Data Sources.—This work is based primarily on the author's experience in interacting with attorneys and testifying in court, with supplemental contributions from textbooks.

Conclusions.—Skillful testifying is simply the transmission of medical information in court in a professional, polite, and compelling manner, an ability within the grasp of any physician who has mastered the art of working with colleagues and patients. Careful, honest assessment of the medical matters in a legal case places a physician in a strong position, which the physician can maintain by remaining polite, even in the face of attempts by an attorney to denigrate the physician's professional abilities. The best witnesses tell the truth in a manner that compels people in the courtroom to listen.

All physicians receive training in the practice of medicine in medical school, but exposure to the legal realm is generally limited to a single hour's lecture from risk management on how to avoid being sued. A physician might rightly claim that had he or she wanted to know about law, he or she would have gone to law school, but in today's litigious society it is well for a physician to know something of the workings of court and how to interact with attorneys.

Like people, courts of law sometimes need the services of a physician to render a carefully considered diagnosis. In court, diagnoses are rendered in the process of testifying. Expert testimony on medical matters is an essential part of many legal trials; in fact, the most frequent type of federal trial involving expert witnesses concerns cases of personal injury or medical malpractice.1 Courts will continue to need expert medical testimony from physicians as long as disagreements concerning medical matters are settled in court. In a way, the venue of practice, be it in court or clinic, is immaterial; wherever there is need for a medical diagnosis, there is need for a conscientious, honest physician willing to base his or her opinion on the facts in a case.

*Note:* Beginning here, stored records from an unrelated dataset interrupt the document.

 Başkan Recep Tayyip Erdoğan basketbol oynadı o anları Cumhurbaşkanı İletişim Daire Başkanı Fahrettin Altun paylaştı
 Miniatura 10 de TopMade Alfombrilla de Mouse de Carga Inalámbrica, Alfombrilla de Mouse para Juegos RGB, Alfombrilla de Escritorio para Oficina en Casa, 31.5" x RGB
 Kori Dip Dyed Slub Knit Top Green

Training in giving testimony is not a subject taught in medical school, but testifying is an art within the grasp of any physician skilled at the art of interacting with colleagues and patients. Skillful testifying is nothing more than the transmission of medical information in court in a professional, polite, and compelling manner. Transmitting medical information is a daily occurrence for physicians. What makes testifying different is that the transmission occurs not in the familiar surroundings of one's office or lab, but in unfamiliar surroundings and according to the unfamiliar protocols of court. Whether you wish to enter the field of expert witness testimony or have been called on as an expert witness through no wish of your own, this article is a guide to applying skills as a physician-teacher to testifying in court.

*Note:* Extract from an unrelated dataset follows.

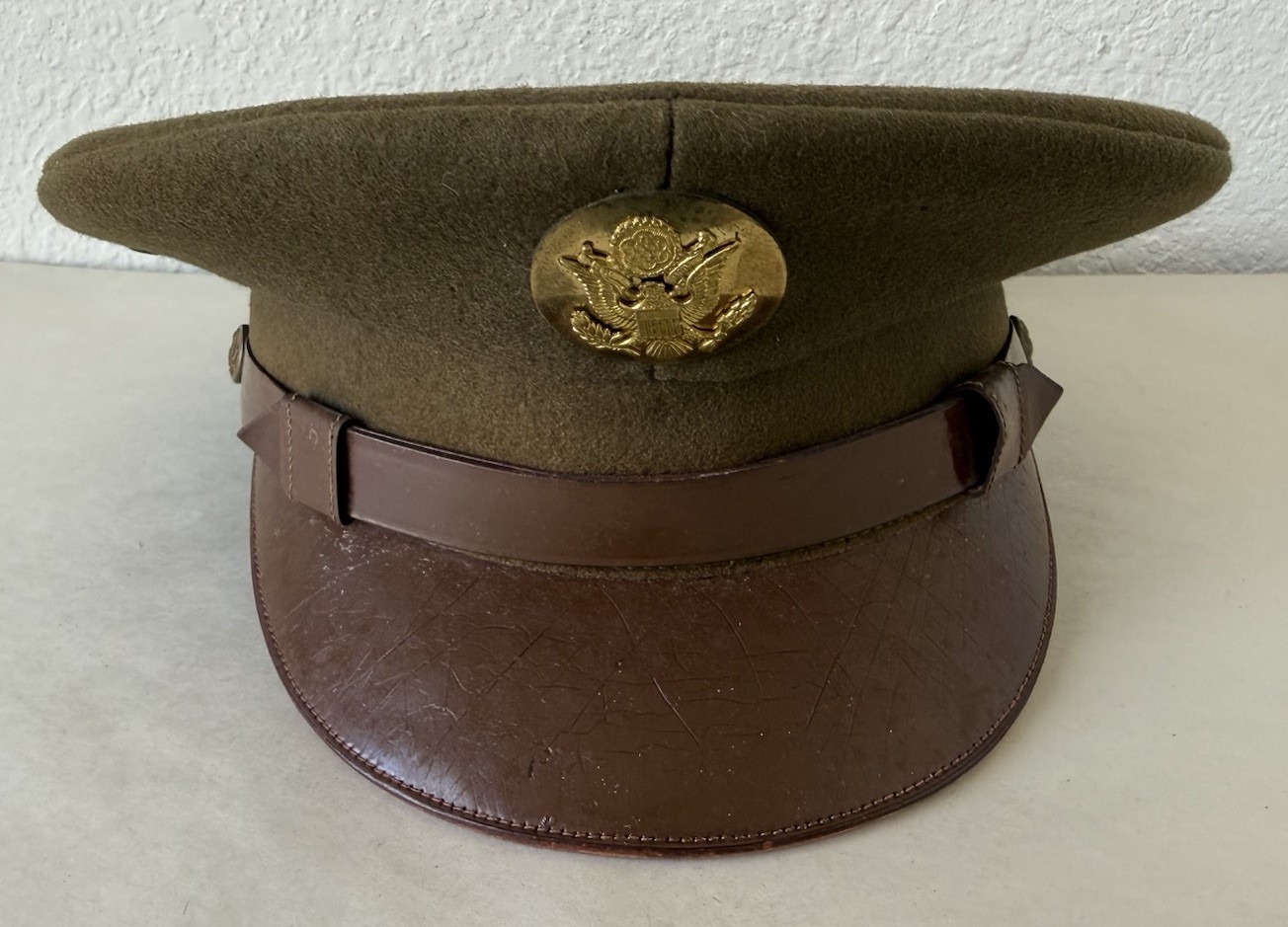 Vintage WW2 US Army Officer Wool Visor Cap Hat Uniform Size 7 Imperial Cap Works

The first step in being an effective witness is to understand who the players are in the drama of a court trial. For the purpose of this article, there are 4 players in a trial—the jury, the judge, the attorneys, and the witnesses.2 The witnesses are admitted to the courtroom one at a time, so as a witness you will be alone on the stand. The witnesses interact with the attorneys, answering their questions. Although your interaction as a witness is with the attorneys, your statements are for the benefit of the jury, the group rendering a verdict in the case. Over all presides the judge as the sole authority of the courtroom. The most important social rule of testifying is to be polite, but it is especially important to be polite to the judge, just as it is especially important to avoid irritating the chief surgeon in an operating room.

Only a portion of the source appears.